Service to Bulgarian art

Ivan Markvitchka, who is by nationality a Tzech, came to Bulgaria as early as 1882, or shortly after the liberation of the Principality. In the course of his now already long career in his adopted country he has rendered signal service to Bulgarian art. Markvitchka was the first to organise the teaching of drawing and painting as obligatory subjects in the programme of the Bulgarian secondary schools, and to him mainly was entrusted the choice of the foreign teachers of drawing.


He was among the most prominent organisers of the art section at the National Exhibition held in 1892, as well as of the art gallery attached to the National Museum in Sofia, not to mention the part played by him in the founding of the first art society in Bulgaria and in the opening of the School of Painting. In addition to all this, he has been one of the most prolific contributors to the different art exhibitions, and the busiest artist with State and private orders.


Having begun as a mere teacher of drawing, Markvitchka has succeeded, by dint of labour and by untiring perseverance, in becoming President of the Society of Bulgarian Artists, Director of the State School of Painting, member of the Archaea logical Commission of the Ministry of Public Instruction, etc. Owing to the peculiar conditions in which art in Bulgaria was placed during the earlier years, Markvitchka has, in the course of his career, cultivated in turn nearly every variety of art. There is hardly any form of painting at which he has not tried his hand. He has laid under contribution every subject offered by Bulgarian scenery, Bulgarian life, or the revolutionary period (preliberation period and the recent Macedonian revolution). His pictures are to be found everywhere: in the royal palaces, in private houses, in the National Museum, in various churches and public offices.


Academy of Prague


Educated at the Academy of Prague, he acquired his real artistic training in Bulgaria by means of incessant work and by running through the whole scale of subjects: altars, graphical sketches of Bulgarian peasants, scenes of peasant life, illustrations of novels, decorative painting, portraiture, icons for Orthodox churches, etc.

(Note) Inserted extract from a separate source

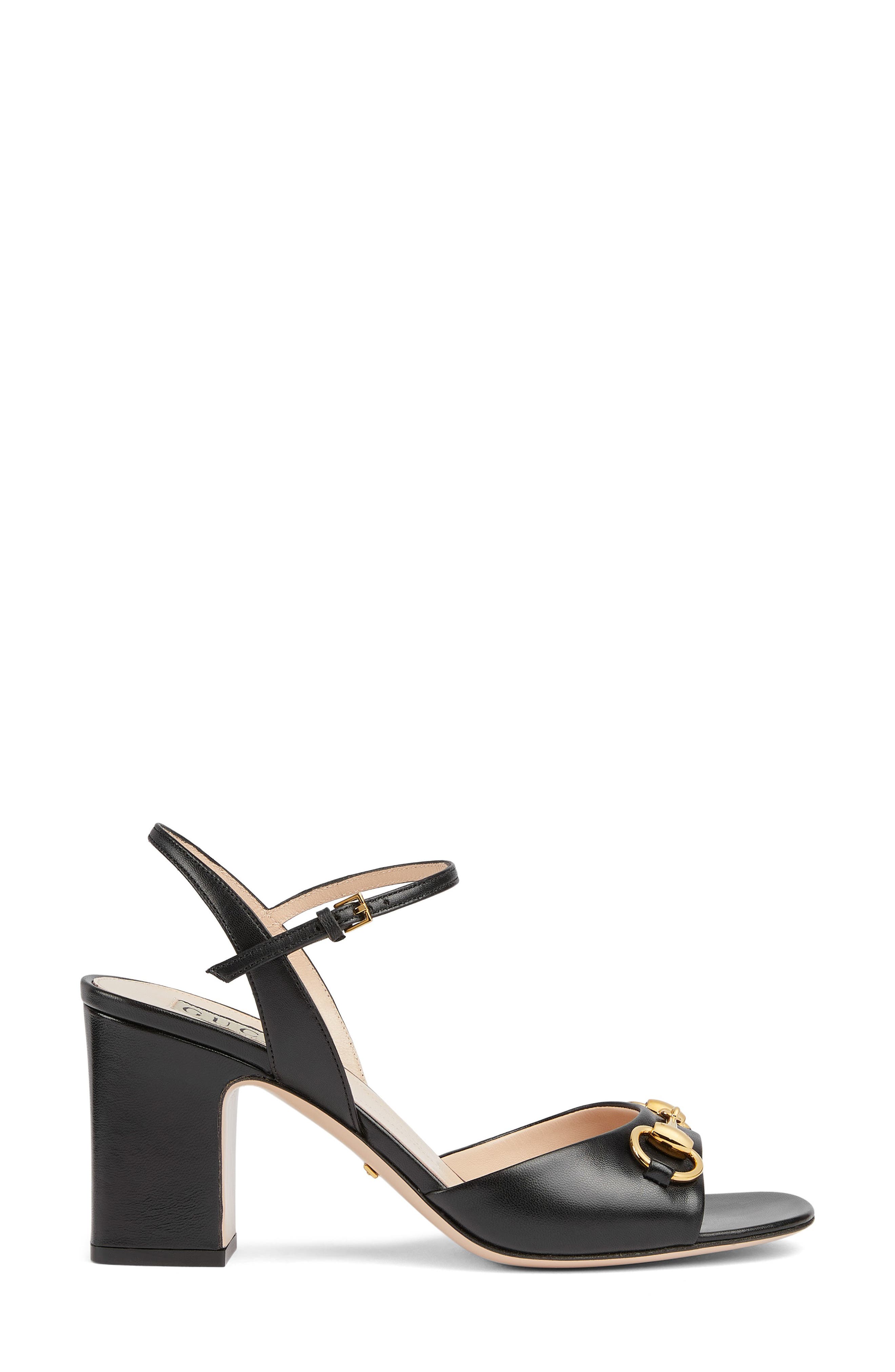 Gucci Horsebit Sandal, Main, color,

The feeling which he puts into his pictures varies from the sentimentalism of moonlit nights to tragedy, as reflected in his Macedonian pictures. It must, however, be admitted that the talent of Markvitchka, unquestionable though it be, is not quite so manysided as his repertory, neither has it always been equal to the problems with which he had to deal. In his genre pictures the ethnographical element is always at the expense of the contents.


His icons never seem to render the typically Bulgarian religious feeling; his landscapes abound in artificial effects, his tragic pictures in rather sickly sentimentalism. Even his portraits, wherein he excels, seem to suffer from a certain unnatural elevation in the expression of the face, which has nothing in common with the real person. Absorbed as Markvitchka has been in incessant and exhaustive work during the best part of the last quarter of a century, he has not had sufficient opportunity to thoroughly perfect his technique in order to cope more successfully with the difficulties of the variety of subjects which the special conditions of artistic life in Bulgaria have hitherto forced upon him.